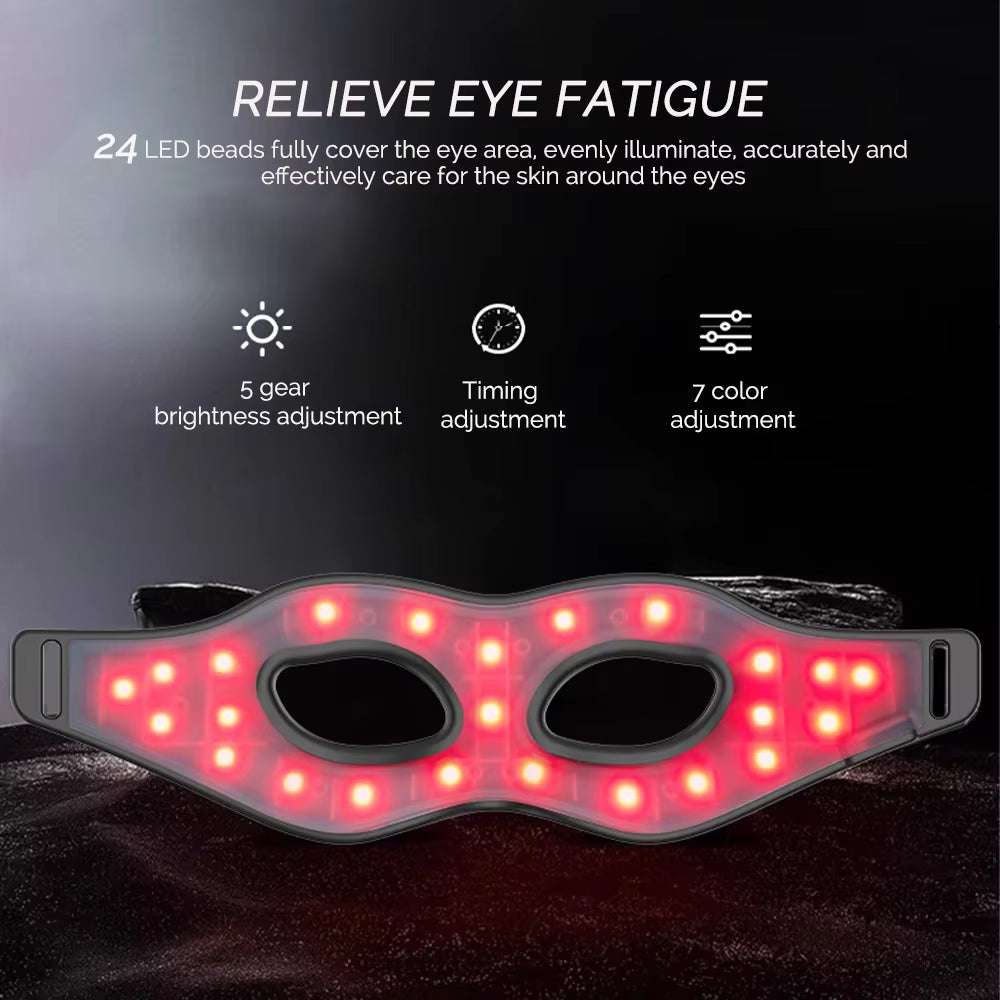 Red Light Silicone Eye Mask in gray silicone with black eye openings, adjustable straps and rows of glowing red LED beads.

==

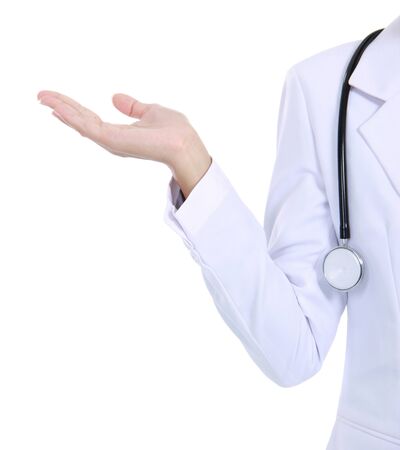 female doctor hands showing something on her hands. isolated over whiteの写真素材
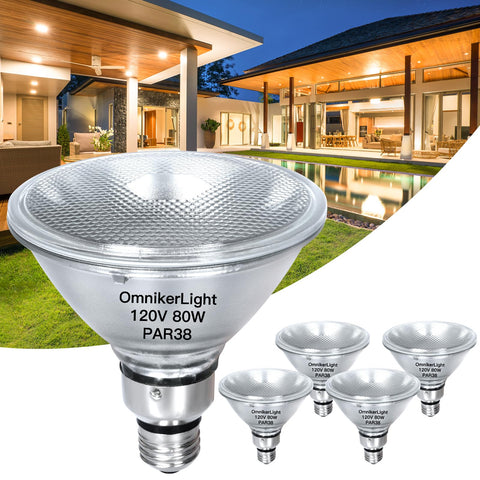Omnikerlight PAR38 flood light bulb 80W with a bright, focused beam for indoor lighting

Aim of the exercise >> From the data above, retype only the lines starting with the line with "female doctor hands" and going on through the line with "Omnikerlight PAR38 flood", exactly, leaving out the pictures.

Reply >>
 female doctor hands showing something on her hands. isolated over whiteの写真素材
Omnikerlight PAR38 flood light bulb 80W with a bright, focused beam for indoor lighting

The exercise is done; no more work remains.